Would you copy the lines below exactly and omit the images?
[Opening Records shown section]
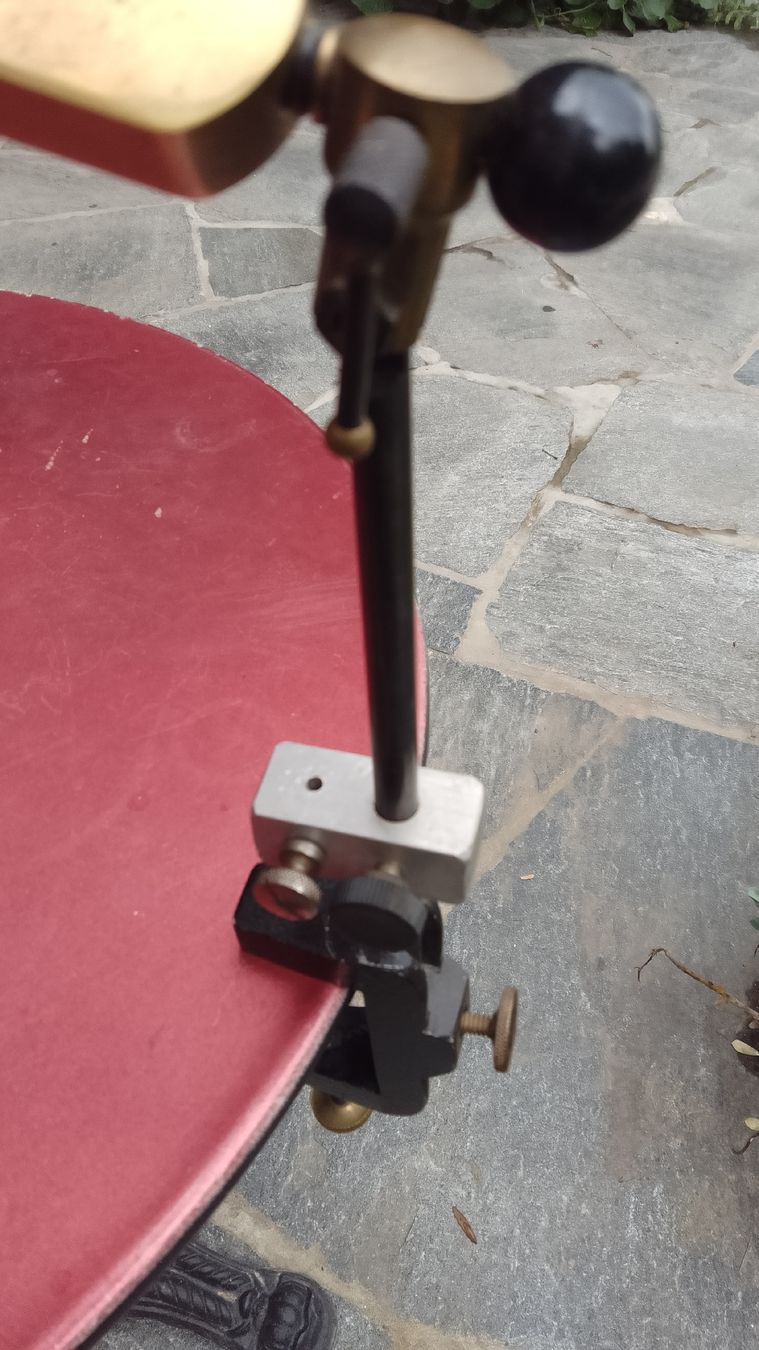 Macchine rilegatrici: Fliegenbindestock / Bindestock mit Tischklemme Top Zustand – Usato da Gretschins venduto da Gisi7 3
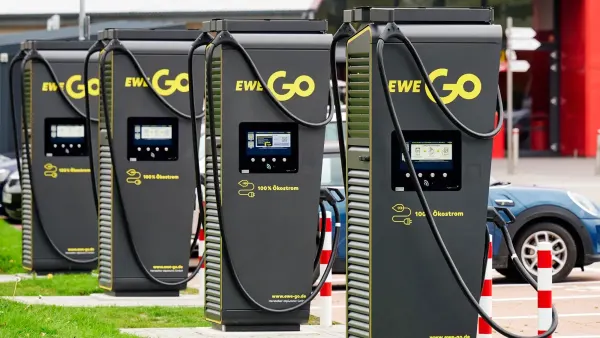 Recarga de coches eléctricos, una sentencia cuestiona sus sobrecostes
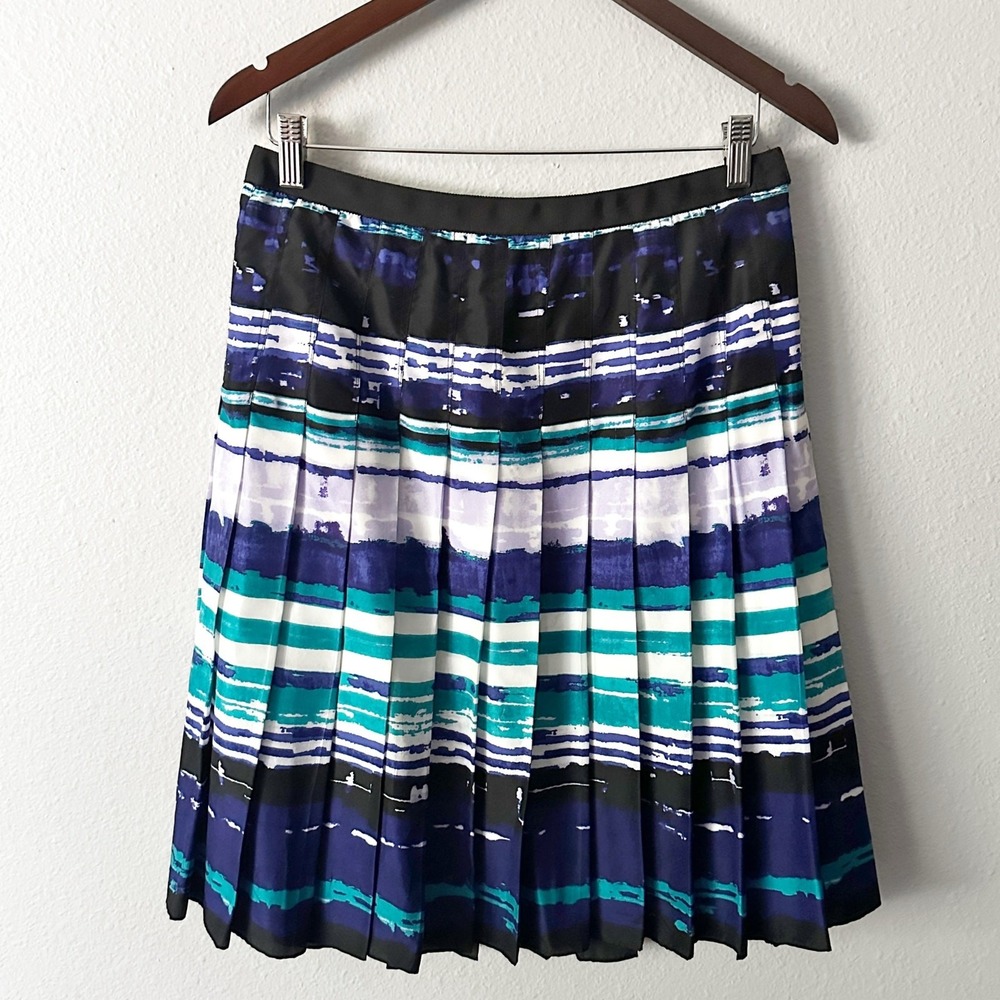 Carlisle 100% Silk Pleated Skirt Women's Size 4 Black & Blue watercolor stripe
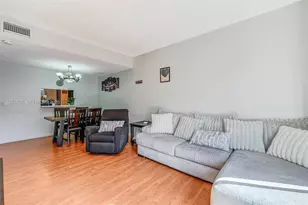 10026 Hammocks Blvd, Miami, FL 33196 - Photo 5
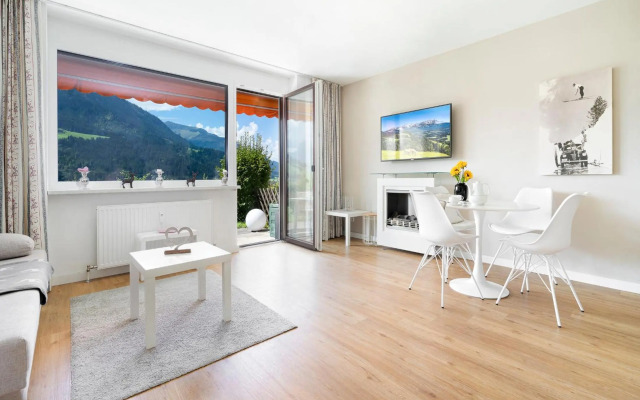 Apartment Sunnyside Premium by Alpine Host Helpers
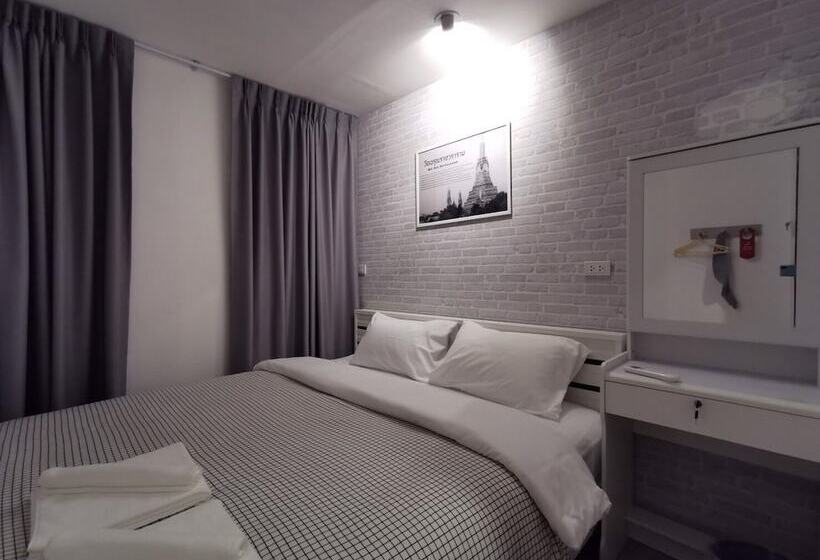 اتاق استاندارد با سرویس بهداشتی مشترک, White House Hostel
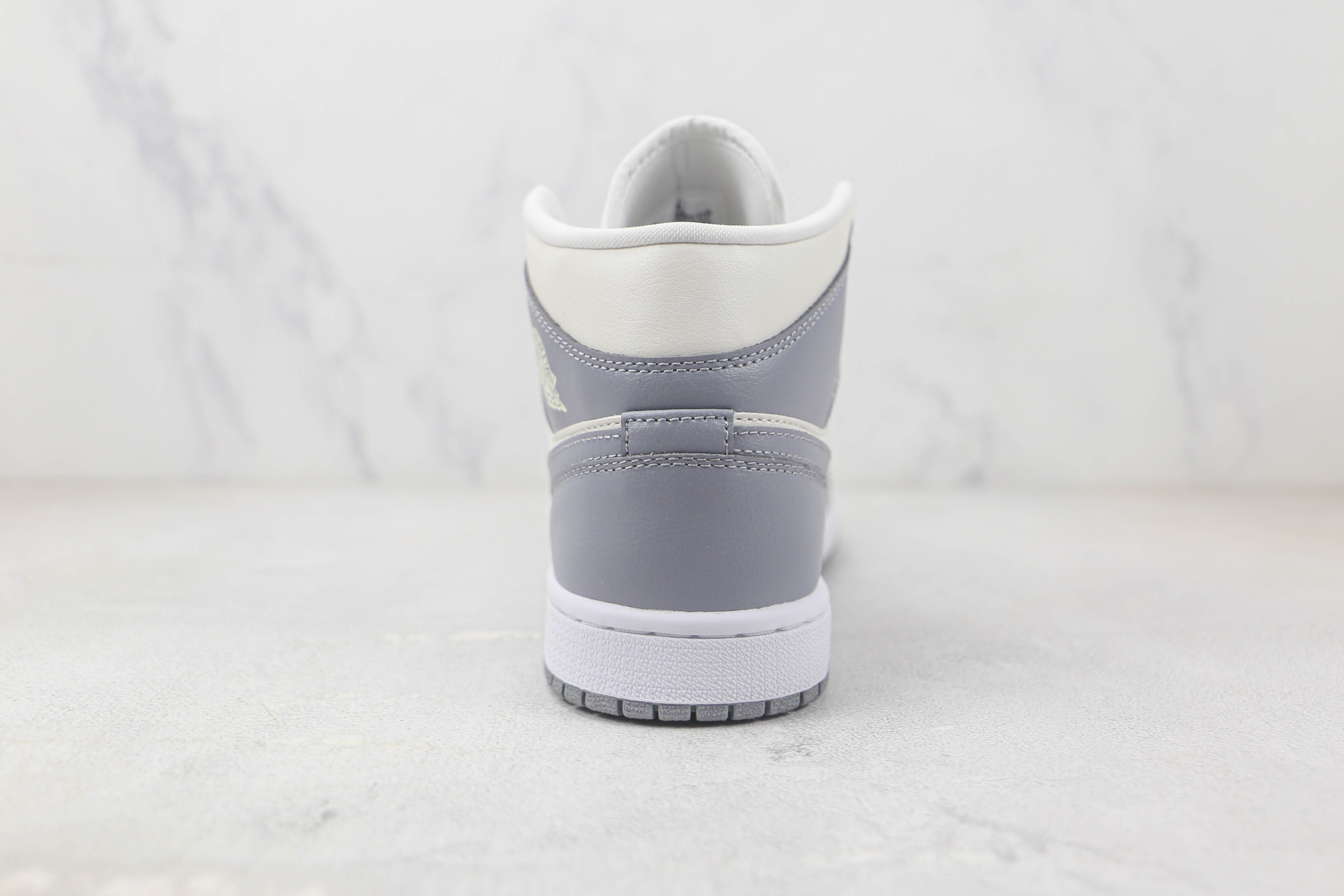 Air Jordan 1 White Soot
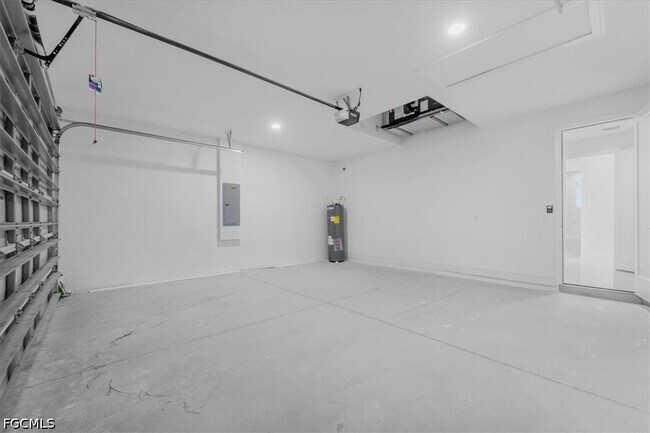 Building Photo - 3812 NW 38th St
[Closing Records shown section]
### Your response:
 Macchine rilegatrici: Fliegenbindestock / Bindestock mit Tischklemme Top Zustand – Usato da Gretschins venduto da Gisi7 3
 Recarga de coches eléctricos, una sentencia cuestiona sus sobrecostes
 Carlisle 100% Silk Pleated Skirt Women's Size 4 Black & Blue watercolor stripe
 10026 Hammocks Blvd, Miami, FL 33196 - Photo 5
 Apartment Sunnyside Premium by Alpine Host Helpers
 اتاق استاندارد با سرویس بهداشتی مشترک, White House Hostel
 Air Jordan 1 White Soot
 Building Photo - 3812 NW 38th St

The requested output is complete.